:: Provided records ::

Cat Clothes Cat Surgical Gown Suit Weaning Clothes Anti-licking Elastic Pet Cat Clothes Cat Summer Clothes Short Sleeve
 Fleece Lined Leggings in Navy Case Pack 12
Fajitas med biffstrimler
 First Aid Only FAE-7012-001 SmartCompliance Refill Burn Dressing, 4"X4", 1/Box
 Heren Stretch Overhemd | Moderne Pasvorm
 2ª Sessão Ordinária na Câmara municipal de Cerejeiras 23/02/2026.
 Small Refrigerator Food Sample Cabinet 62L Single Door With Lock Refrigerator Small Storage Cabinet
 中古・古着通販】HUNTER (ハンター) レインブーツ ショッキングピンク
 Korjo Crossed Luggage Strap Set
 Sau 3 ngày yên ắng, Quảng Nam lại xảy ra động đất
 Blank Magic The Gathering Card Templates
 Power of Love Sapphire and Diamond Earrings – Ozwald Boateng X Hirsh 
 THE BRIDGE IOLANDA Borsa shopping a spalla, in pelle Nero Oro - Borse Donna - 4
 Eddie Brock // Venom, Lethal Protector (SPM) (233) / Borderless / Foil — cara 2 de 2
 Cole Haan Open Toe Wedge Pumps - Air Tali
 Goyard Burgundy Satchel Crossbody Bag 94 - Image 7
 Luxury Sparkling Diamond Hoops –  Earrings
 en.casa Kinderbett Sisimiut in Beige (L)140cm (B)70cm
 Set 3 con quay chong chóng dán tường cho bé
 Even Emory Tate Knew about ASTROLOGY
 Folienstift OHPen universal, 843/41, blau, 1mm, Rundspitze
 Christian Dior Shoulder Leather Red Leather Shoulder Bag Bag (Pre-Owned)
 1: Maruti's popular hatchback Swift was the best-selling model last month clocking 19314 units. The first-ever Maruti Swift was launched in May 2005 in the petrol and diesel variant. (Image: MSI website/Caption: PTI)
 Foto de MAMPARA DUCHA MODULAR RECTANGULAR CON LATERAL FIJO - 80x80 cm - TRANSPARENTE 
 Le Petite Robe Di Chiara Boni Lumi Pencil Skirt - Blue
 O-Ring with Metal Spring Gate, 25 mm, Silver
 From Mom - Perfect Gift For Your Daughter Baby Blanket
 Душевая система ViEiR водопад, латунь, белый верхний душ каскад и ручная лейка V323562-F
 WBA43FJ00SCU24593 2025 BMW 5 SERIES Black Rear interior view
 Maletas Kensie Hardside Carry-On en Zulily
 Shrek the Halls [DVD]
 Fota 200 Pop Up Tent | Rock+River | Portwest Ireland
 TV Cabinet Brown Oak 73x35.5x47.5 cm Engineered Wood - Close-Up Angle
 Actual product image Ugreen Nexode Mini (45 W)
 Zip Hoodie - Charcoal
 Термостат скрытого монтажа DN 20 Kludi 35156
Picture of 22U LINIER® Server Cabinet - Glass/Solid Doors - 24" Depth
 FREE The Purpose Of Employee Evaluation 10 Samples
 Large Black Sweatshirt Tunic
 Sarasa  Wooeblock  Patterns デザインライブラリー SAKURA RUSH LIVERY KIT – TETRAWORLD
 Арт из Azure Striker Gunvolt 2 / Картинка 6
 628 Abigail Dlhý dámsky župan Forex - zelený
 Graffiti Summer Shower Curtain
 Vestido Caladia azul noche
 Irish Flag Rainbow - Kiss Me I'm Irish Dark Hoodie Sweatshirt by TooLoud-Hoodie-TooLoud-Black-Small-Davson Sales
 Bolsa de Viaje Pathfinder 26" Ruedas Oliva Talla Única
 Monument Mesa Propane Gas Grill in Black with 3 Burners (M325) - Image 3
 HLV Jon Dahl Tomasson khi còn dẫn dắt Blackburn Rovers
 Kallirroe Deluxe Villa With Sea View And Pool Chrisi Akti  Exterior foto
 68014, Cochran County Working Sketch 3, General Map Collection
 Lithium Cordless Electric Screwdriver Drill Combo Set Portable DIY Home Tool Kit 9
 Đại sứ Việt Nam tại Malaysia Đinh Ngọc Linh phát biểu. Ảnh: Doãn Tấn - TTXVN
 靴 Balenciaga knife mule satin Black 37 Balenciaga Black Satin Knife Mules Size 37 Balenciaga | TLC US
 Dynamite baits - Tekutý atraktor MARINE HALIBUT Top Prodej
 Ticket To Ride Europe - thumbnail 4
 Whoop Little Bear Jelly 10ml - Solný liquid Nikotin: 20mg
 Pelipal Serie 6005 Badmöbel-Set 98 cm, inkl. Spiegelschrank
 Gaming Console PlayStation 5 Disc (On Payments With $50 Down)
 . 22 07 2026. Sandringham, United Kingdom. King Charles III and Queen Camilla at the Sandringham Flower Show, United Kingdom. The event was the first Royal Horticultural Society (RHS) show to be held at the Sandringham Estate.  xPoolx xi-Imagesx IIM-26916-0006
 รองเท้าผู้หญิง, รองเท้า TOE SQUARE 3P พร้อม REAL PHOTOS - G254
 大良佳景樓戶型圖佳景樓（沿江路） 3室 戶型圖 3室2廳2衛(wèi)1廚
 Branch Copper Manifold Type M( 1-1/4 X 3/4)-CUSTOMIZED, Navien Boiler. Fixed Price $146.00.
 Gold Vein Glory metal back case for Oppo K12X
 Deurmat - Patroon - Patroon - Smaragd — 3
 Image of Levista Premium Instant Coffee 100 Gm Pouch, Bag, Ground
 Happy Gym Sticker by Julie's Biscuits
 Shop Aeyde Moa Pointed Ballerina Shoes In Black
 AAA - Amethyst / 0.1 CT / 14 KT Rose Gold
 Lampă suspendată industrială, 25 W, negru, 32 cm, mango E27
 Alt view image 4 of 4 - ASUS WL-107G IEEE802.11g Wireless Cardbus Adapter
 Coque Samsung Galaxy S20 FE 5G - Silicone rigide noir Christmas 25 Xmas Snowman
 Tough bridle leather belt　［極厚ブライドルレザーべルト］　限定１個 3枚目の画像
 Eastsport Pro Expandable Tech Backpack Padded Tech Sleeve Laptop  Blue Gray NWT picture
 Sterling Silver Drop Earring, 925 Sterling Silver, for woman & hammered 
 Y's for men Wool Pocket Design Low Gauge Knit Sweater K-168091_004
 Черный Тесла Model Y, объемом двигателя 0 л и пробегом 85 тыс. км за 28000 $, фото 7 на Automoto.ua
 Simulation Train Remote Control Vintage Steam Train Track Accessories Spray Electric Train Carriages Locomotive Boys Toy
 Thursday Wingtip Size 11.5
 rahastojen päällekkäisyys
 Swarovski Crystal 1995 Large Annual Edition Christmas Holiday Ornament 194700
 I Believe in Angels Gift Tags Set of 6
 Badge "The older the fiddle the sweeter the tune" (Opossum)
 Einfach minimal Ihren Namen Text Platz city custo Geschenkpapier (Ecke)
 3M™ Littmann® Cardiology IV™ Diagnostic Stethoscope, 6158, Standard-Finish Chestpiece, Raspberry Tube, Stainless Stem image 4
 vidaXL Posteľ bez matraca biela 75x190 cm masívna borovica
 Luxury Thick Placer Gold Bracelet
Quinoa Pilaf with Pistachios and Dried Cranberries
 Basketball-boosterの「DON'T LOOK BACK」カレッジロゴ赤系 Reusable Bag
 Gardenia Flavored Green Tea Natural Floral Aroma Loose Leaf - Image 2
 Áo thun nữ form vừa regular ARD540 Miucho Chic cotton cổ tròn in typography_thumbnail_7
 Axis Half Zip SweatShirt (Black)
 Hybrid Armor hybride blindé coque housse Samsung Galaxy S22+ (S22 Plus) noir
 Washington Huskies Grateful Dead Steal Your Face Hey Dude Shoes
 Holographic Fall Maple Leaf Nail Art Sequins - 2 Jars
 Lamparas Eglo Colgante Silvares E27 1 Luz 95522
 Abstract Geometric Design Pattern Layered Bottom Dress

:::

Exercise brief =
From the line holding "628 Abigail Dlhý dámsky župan Forex - zelený" to the line holding "Đại sứ Việt", inclusive, restate each line above exactly as written.

Answer space =
 628 Abigail Dlhý dámsky župan Forex - zelený
 Graffiti Summer Shower Curtain
 Vestido Caladia azul noche
 Irish Flag Rainbow - Kiss Me I'm Irish Dark Hoodie Sweatshirt by TooLoud-Hoodie-TooLoud-Black-Small-Davson Sales
 Bolsa de Viaje Pathfinder 26" Ruedas Oliva Talla Única
 Monument Mesa Propane Gas Grill in Black with 3 Burners (M325) - Image 3
 HLV Jon Dahl Tomasson khi còn dẫn dắt Blackburn Rovers
 Kallirroe Deluxe Villa With Sea View And Pool Chrisi Akti  Exterior foto
 68014, Cochran County Working Sketch 3, General Map Collection
 Lithium Cordless Electric Screwdriver Drill Combo Set Portable DIY Home Tool Kit 9
 Đại sứ Việt Nam tại Malaysia Đinh Ngọc Linh phát biểu. Ảnh: Doãn Tấn - TTXVN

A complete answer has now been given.